いろ覇のFM新参者~フットボールの虜

いろ覇のFM新参者~フットボールの虜

football managerというシミュレーションゲームであれこれやっていきます。気付いたらユナイテッドの事ばかり書いてます

【 #FACup 】PK戦の呪縛を解きいざ決勝へ。頼もしきアイスマン!

※22/23 FAカップ準決勝

ブライトン・アンド・ホーヴ・アルビオンvsマンチェスター・ユナイテッド戦の記事です。


内容は正直ブライトンの方が良かったです。

それでも屈辱的なセビージャとのアウェイ戦から中2日で120分を戦い抜き、苦手にしていたPK戦を制してカップファイナルへ進出したチームを素直に賞賛したい!!

 

そして決勝はマンチェスター・ダービー

1月の対戦時よりも向こうの完成度は飛躍的に上がっていますが、トーナメントの1発勝負ならば一泡吹かせる事も十分に可能であると信じています!

 

 

 

 

【Match Review】

 

Starting lineup

 

ベンチ入りブライトン
6 Colwill, 21 Undav, 23 J.Steele, 26 Ayari, 27 B.Gilmour, 29 Van Hecke, 34 Veltman, 40 F.Buonanotte, 57 Offiah

マンチェスター・ユナイテッド
12 Malacia, 15 Sabitzer, 17 Fred, 25 Sancho, 27 Weghorst, 28 Pellistri, 31 Butland, 33 B.Williams, 36 Elanga, 

 

 

前半

 

システムは4-2-3-1のミラー。ユナイテッドの前線のプレスはマルシャルがコース制限をしつつサイドへのパスがズレた所から奪う狙いですが、ブライトンのプレッシング耐性も高く思い通りの結果に繋がる回数はあまり多くない。

 

更にカイセドへのプレッシャーが若干甘い点、前残りのラッシュフォードがグロスを殆どケアしないのでそこを使われて攻め込まれる、更にブルーノ,エリクセンも1stプレス隊に参加するので浮き球で交わされた際のカゼミロの負荷など紙一重の要素も多かったが、DF陣のパフォーマンスの高さもあって決定的シーンの1つ前で何とか凌ぐという展開に。

 

6分、ウェブスターから後ろ向きでパスを受けたカイセドが苦しい体勢から高めの位置取りをするエストゥピニャンへ高精度のパスを通しブライトンのチャンス。アタッキングサードに入り大外でボールを受けた三笘が横方向に持ち運び、ワン=ビサカとの挟み込みを目論み後ろから戻ってきたアントニーのファウルを誘ってFK獲得。
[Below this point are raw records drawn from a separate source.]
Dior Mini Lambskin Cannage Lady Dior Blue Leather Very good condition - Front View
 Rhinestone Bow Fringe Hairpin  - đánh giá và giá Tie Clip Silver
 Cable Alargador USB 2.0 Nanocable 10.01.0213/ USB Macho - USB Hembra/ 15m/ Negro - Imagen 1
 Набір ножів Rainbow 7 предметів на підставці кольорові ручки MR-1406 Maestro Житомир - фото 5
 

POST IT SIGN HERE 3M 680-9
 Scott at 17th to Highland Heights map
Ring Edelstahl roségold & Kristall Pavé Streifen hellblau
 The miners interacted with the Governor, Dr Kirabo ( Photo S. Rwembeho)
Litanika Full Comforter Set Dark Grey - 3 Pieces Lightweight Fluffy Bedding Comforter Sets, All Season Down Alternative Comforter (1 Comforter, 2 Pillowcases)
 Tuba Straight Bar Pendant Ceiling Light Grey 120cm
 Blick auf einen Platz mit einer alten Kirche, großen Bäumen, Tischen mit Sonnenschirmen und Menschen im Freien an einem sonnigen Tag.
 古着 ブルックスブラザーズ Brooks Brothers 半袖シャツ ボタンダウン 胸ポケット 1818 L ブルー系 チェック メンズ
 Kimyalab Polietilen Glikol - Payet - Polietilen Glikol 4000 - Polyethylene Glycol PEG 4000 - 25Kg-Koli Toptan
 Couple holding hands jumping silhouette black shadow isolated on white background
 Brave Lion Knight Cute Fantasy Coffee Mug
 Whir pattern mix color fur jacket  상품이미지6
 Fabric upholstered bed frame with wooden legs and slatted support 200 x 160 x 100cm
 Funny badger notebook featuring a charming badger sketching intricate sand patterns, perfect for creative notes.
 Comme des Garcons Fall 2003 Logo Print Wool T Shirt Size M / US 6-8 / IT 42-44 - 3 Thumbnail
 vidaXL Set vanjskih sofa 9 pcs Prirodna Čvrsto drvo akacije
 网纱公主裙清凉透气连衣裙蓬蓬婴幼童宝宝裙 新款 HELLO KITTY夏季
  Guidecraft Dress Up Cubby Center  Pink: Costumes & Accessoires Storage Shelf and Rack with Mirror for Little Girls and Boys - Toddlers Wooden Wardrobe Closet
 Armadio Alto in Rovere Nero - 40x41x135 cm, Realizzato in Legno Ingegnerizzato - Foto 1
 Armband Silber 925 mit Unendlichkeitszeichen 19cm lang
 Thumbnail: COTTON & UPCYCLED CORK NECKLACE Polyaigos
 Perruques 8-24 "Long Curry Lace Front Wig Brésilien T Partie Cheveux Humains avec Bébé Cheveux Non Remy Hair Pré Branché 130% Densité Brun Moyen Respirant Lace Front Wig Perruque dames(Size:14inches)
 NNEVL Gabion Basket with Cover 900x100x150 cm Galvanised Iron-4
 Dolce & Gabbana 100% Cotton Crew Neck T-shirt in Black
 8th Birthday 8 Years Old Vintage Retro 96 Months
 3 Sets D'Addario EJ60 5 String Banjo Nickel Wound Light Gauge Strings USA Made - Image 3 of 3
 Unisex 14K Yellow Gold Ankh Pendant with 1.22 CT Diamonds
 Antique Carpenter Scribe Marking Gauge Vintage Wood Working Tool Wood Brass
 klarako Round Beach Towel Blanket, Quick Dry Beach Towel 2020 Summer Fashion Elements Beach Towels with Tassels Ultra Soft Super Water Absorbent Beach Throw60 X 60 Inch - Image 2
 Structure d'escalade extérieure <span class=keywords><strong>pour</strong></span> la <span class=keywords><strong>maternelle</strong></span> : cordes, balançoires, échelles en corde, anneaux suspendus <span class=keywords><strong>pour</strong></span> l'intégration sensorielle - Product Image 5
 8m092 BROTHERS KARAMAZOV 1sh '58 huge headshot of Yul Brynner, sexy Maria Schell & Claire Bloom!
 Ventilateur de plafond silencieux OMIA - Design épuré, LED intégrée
 FKテイカーのマクアリスターは縦回転の速いボールでファーポストを狙うが、これはデヘアが右手で掻きだして失点を防いだ。

 

当初、ブライトンは高い位置から相手のポゼッションにプレッシャーをかけていく素振りを見せていたが、 ユナイテッドが後ろから繋がずに早めに前方へ長いボールを蹴る傾向にあると分かってからは少しエンゲージライン(プレスのかけ始め)を下げてミドルサードを厚くする。

 

14分のユナイテッドはリンデロフがルーズボールを回収したところからカウンター。エリクセンが早めにアントニーへパスを入れて対面DF,(この時はエストゥピニャンが上がっていたのでカバーに入ったダンク)との1on1を作ると、三笘のプレスバックが速く囲まれそうになるが察知して中央の味方へパスを通す。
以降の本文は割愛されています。